§ **Task objective**:
Copy exactly the lines from the line holding "5XYPG4A39LG675435 KIA Sorento 2.4l L" through the end of the material, and no others; pictures stay out.
—————
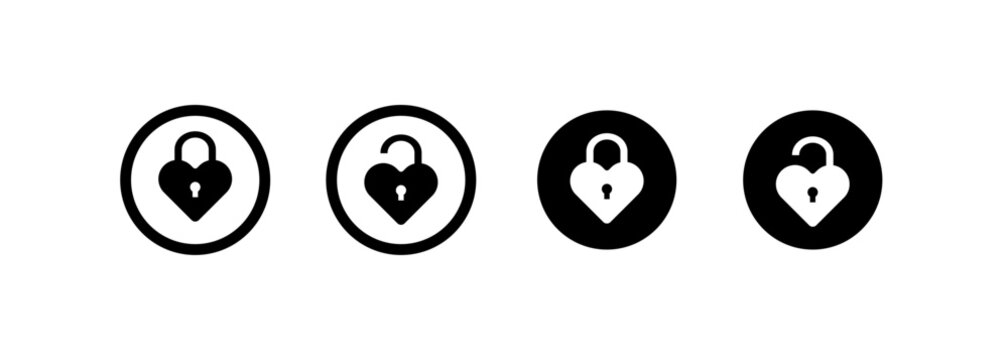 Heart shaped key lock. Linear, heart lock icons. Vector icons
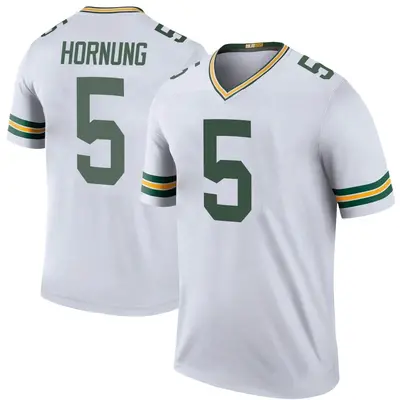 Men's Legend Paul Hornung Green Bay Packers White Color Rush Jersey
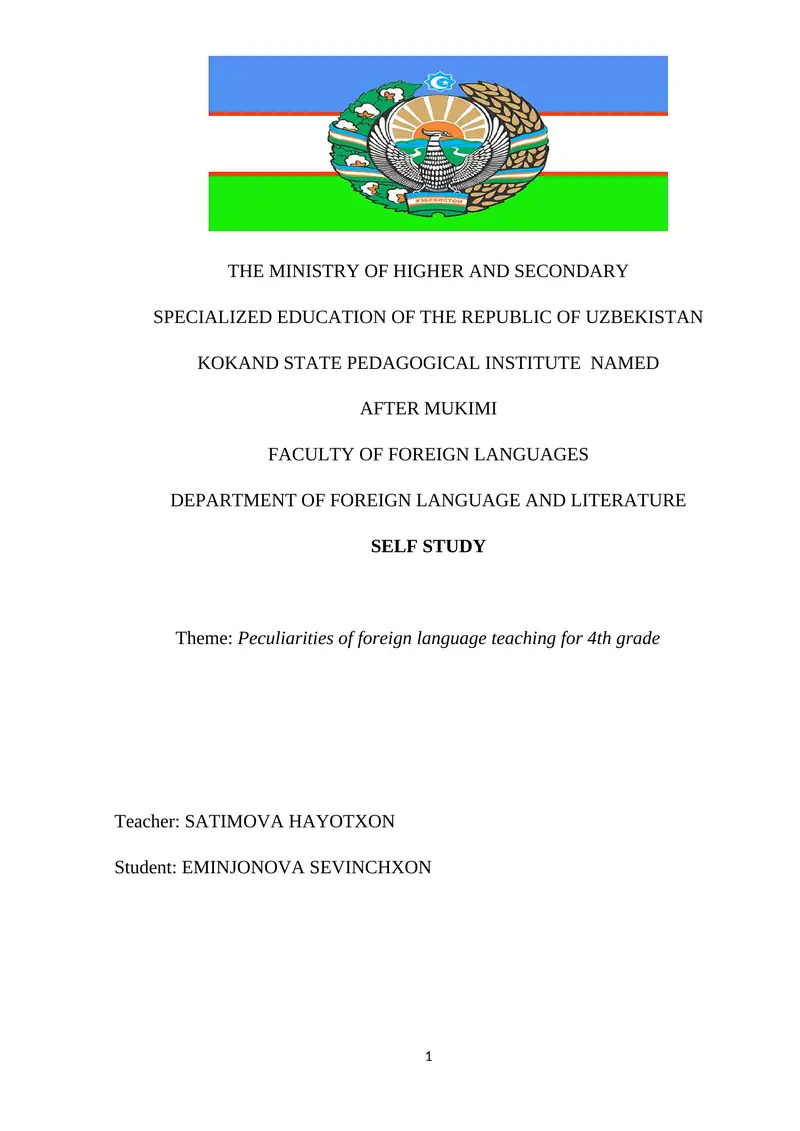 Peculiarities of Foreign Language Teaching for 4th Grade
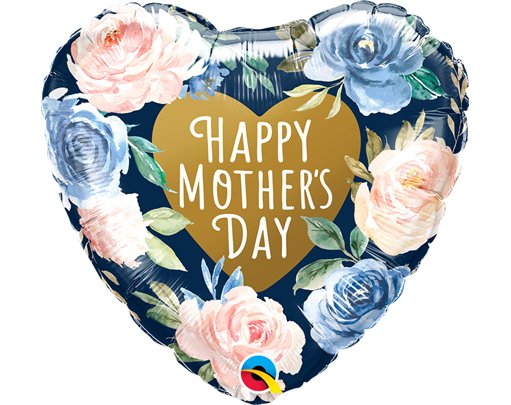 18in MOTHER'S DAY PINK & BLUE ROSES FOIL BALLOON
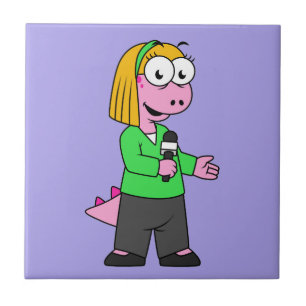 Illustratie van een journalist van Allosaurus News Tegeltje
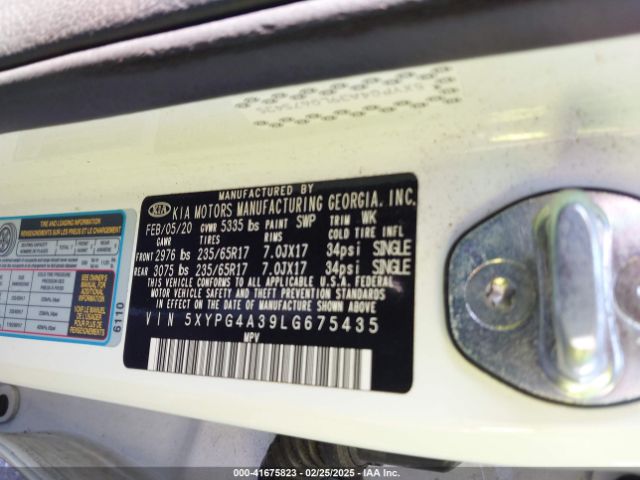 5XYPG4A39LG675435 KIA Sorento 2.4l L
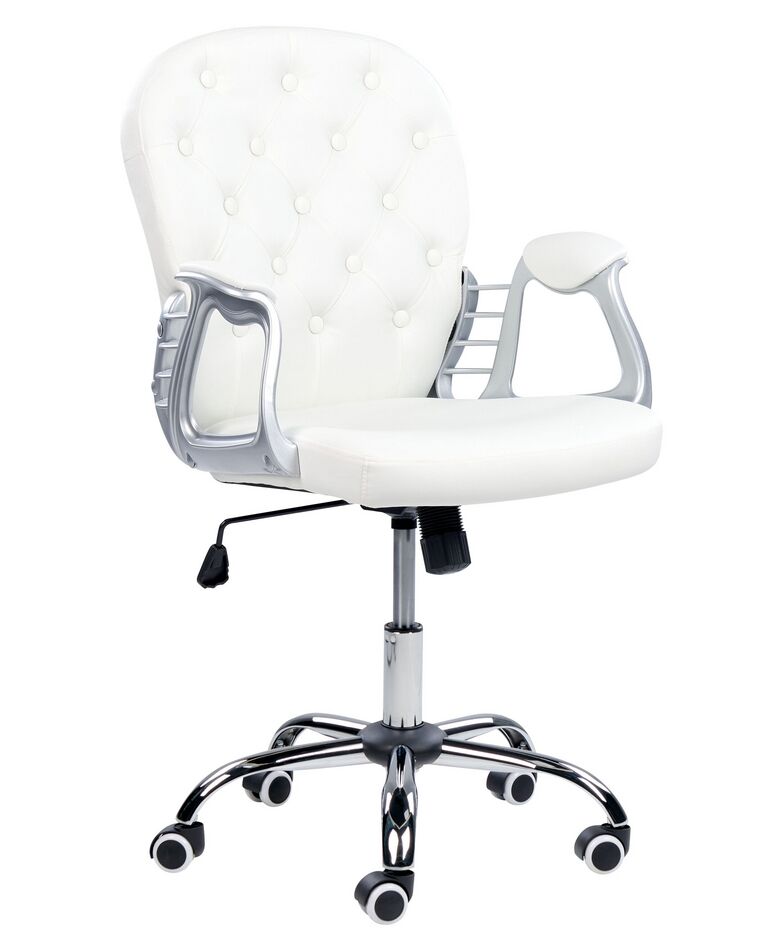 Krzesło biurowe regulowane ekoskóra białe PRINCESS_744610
—————
§ **Written response**:
 5XYPG4A39LG675435 KIA Sorento 2.4l L
 Krzesło biurowe regulowane ekoskóra białe PRINCESS_744610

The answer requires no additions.